朱玉富 发表于2017-02-20 18:34:06
    夏日的雨点有节奏地打在雨棚上,时密时稀,细密小雨氤氲着我潮湿的记忆,我凝视着镜框里62年前的老照片,回忆的闸门豁然打开。那是1955年,参加抗美援朝的叔叔回国,父亲参加蒙阴县第一届人民代表大会之后,与二叔相约故乡相聚的老照片。

    日月如梭,似水流年,父亲、叔叔相继过世。3个哥哥也都步入古稀之年。父亲早年参加莱芜抗日游击队,抗战胜利后又参加解放战争,1949年南下参加湘西剿匪。曾在蒙阴县工作的父亲后来调回庙子供销联社任联社社长。

    也许受父亲叔叔参加革命影响,1961年大哥报名到黑龙江参军,在鸭绿江修桥时掉到江里,差点要了大哥的命,三哥和六弟也分别成为黑龙江军区珍宝岛地区2818部队和北京武警六支队的一名光荣的人民解放军。我与父亲聚少离多,也许是干社长工作的缘故,他总是很严肃,很少笑。因我们兄弟6个出了3个“抗战”的,每每谈起这些,父亲深感骄傲和自豪。我们建议父亲写革命回忆录,父亲总是摇头说:“都是些陈芝麻烂谷子的事情,记得不那么清楚了。”想到父亲有高血压、血糖高病,我们再也没强求。后来才知道,也不完全是身体原因。回忆往事让他伤心。

    当年在莱芜大队的生死战友,一起北上博山,一起参加抗日战争,有些人倒在了敌人的枪口下。那次正在阁楼站着吃饭,“呯!呯”枪声,两个战友应声倒下(身体暴露窗口所致)。“小日本的枪准着呐,枪响见血”,曾有一个姓刘的副队长埋怨说,“让你们坐下不坐下,这回让你们刮着旋风回家”。父亲说着潸然泪下,见他悲伤,怕他激动,血压高承受不了,我劝他别讲了,父亲久久才回过神来。父亲过世前两年,断断续续讲了一些当年莱芜口镇打游击的往事。他说,斗争严酷,早上分头执行任务,晚上有时就见不到面了,流血、受伤、牺牲,时常发生。敌强我弱,东奔西跑,住无定所,有时一个晚上转移几次,甩开敌人。饿肚子是常有的事。保存自己消灭敌人,在转移中找机会打击敌人,除汉奸,入村入户发动群众筹粮筹款支援主力部队,动员年轻人参军参战。那时就认准一个理:铁心跟党走,抗战必胜。革命一定会成功。再苦再难,上刀山下火海也敢闯。
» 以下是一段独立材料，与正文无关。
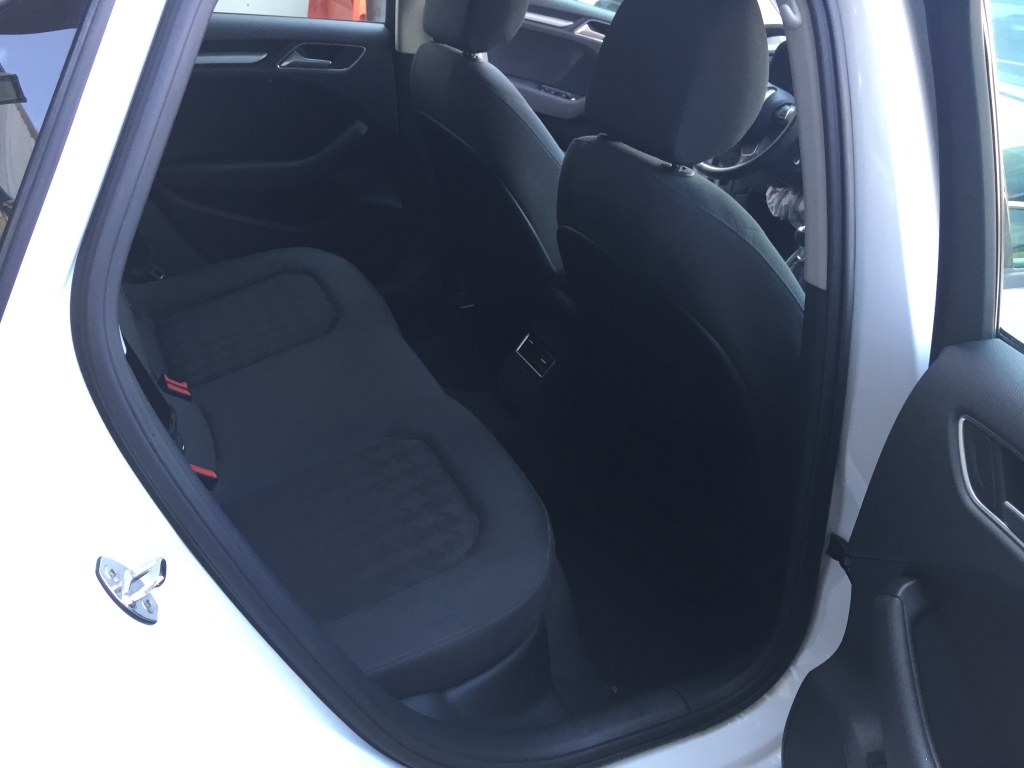 AUDI A-3 SEDAN 1.6 TDI 110CV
    一次回去,见父亲心情好,聊起山东地下省委派李奇到莱芜开展工作之事,同志们以围墙为依托与敌人激战,增援游击队还未赶到,参加会议的同志子弹打光,全部壮烈牺牲。讲到这里,父亲神色凝重。我不解地问:“秘密会议敌人怎么得到消息的。”父亲闭目思索一会儿,摇头说,究竟是叛徒出卖?还是泄密?他也说不清楚。父亲装上一烟袋旱烟,想起了一个游击队员,这人外号叫二愣子(莱芜话是傻的意思)。这人其实一点也不傻,壮实,憨厚,用双枪弹无虚发,打仗很勇敢,也牺牲了。蓦然,我脑际浮现《铁道游击队》电影里双枪鲁汉的勇猛形象。我插话说:“他可能负责保卫开会同志。”父亲点头,长叹一声。过好大一会儿,见父亲平静下来,又问起当年莱芜战役之事。父亲起身找出一张山东地图展放在茶几上,指着地图说:“日本鬼子以炮楼为据点,时不时窜到村里抢劫烧杀。县大队闻讯追歼,鬼子乘机逃口镇据点,当时的高粱地成了敌人的天然屏障,最后县武工队采取白天休整,晚上出动,终于把盘踞在口镇的日伪军全歼残匪。说到这里,父亲脸上有了难得的笑容。

    每逢清明、十一和父亲叔父的忌日,我都要让妻子备上炒菜、水酒、纸钱到父亲坟前祭奠父亲的在天之灵,让思念和泪水随着袅袅香烟化作热望的追忆。在纪念中国人民抗日战争胜利70周年之际,我们缅怀父亲和那些为国捐躯的革命先烈,牢记父亲的教诲,珍惜今天来之不易的幸福生活,继承和发扬革命优良传统,弘扬革命精神,为振兴中华,实现伟大的中国梦而奋斗。